Up until now, I hadn't been able to find much in the way of pics of the real AV prior to it's takeover by the Pennsy. Just these two:

















This afternoon, my rail historian friend in Cali was looking for something else in the Delaware archives when he found these amongst the Jackson and Sharp builder's photos:

























Next post I'll show you some reasons why you might actually care...


----------



## Mik (Jan 2, 2008)

Beyond being clean, clear vintage J&S builder's photos, they were digitalized in fairly high resolution. My buddy was able to retrieve the following detail shots from those original scans.... J&S period practice for those of you who like to accurately detail models.
*1872 Coach #29* - hey! I even guessed right on the coach #s, lol!

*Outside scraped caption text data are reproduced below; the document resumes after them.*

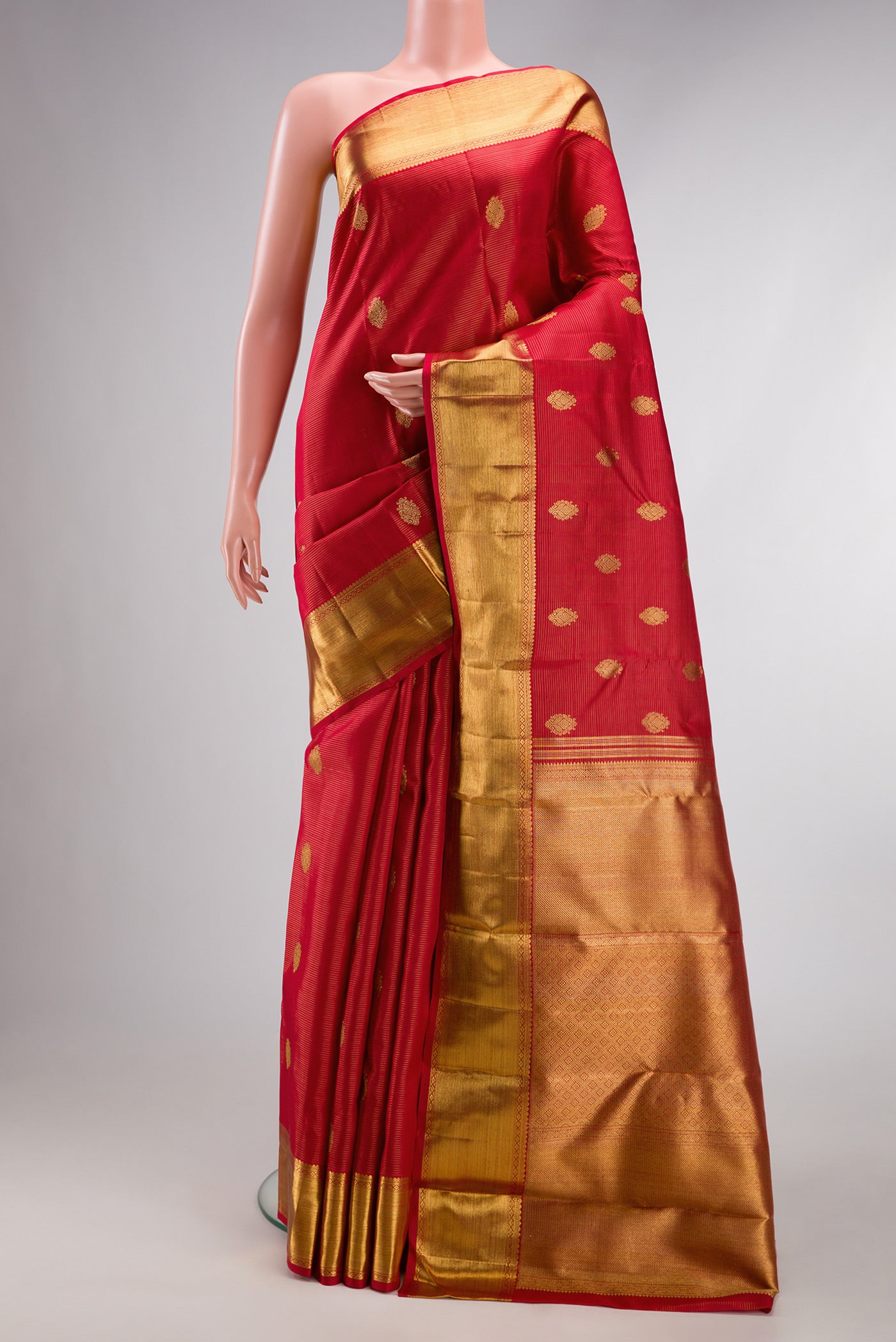 Pure Silk Pure Zari Deep Red Kanjivaram Saree with Stripes on the body and Zari Border.  displayed on a mannequin
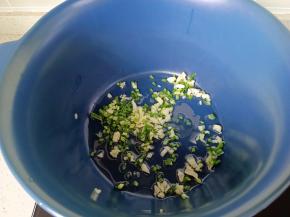 锅里倒适量的食用油，放上葱花，蒜末炒香。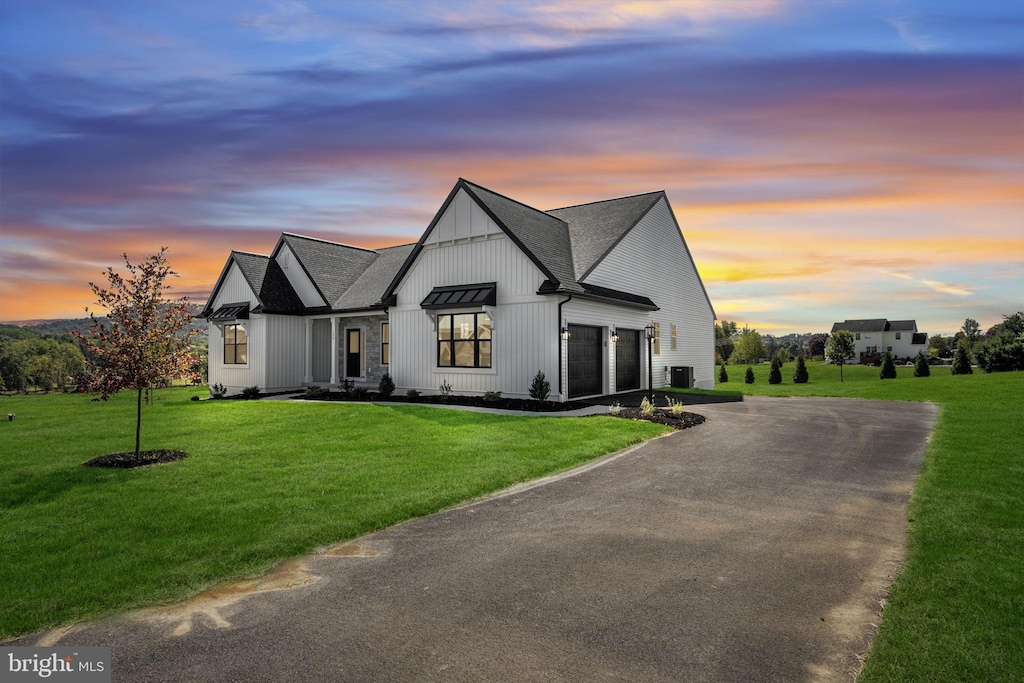 modern inspired farmhouse with a garage, central AC unit, and a lawn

*1900 Combine 61* exterior -









































*AND* interior!

















































How's THAT for cool?.... 

Since I HAVE a B'mann J&S combine here, I'm almost afraid to ask how much Stan would want for decals of the 61....


----------



## Torby (Jan 2, 2008)

That is one cool coach.


----------



## Randy Stone (Jan 2, 2008)

Great Pics Allen 

Thanks for posting


----------



## Nutz-n-Bolts (Aug 12, 2010)

Wow, good stuff!







Great to see that kind of detail opportunity in a model too. That photo is going into my Oil City collection.







.


----------



## Pete Thornton (Jan 2, 2008)

I wish you wouldn't show detail pics. I'm already behind on my coach projects due to adding too much stuff!!!


----------



## Mik (Jan 2, 2008)

Posted By Pete Thornton on 21 Jan 2011 08:12 AM 
I wish you wouldn't show detail pics. I'm already behind on my coach projects due to adding too much stuff!!! http://cdm15323.contentdm.oclc.org/...CHALL&CISOROOT=/p15323coll6&CISOBOX1=Railroad

There went your weekend.... hehehehehehe


----------



## ohioriverrailway (Jan 2, 2008)

Wowsers. That is one beautiful coach!


----------



## Pete Thornton (Jan 2, 2008)

There went your weekend.... 
It certainly kept me entertained for a while - thnaks, Mik. I loved the little details, like the "First Class Hat Shelf drawing".


----------



## Mik (Jan 2, 2008)

Posted By Pete Thornton on 21 Jan 2011 03:18 PM 
There went your weekend.... 
It certainly kept me entertained for a while - thnaks, Mik. I loved the little details, like the "First Class Hat Shelf drawing". 
The real "problem" with that archive is eventually you start following the index links... and each of those leads you to even MORE photos... It's like being lost in a Smithsonian storage warehouse without leaving your chair.


----------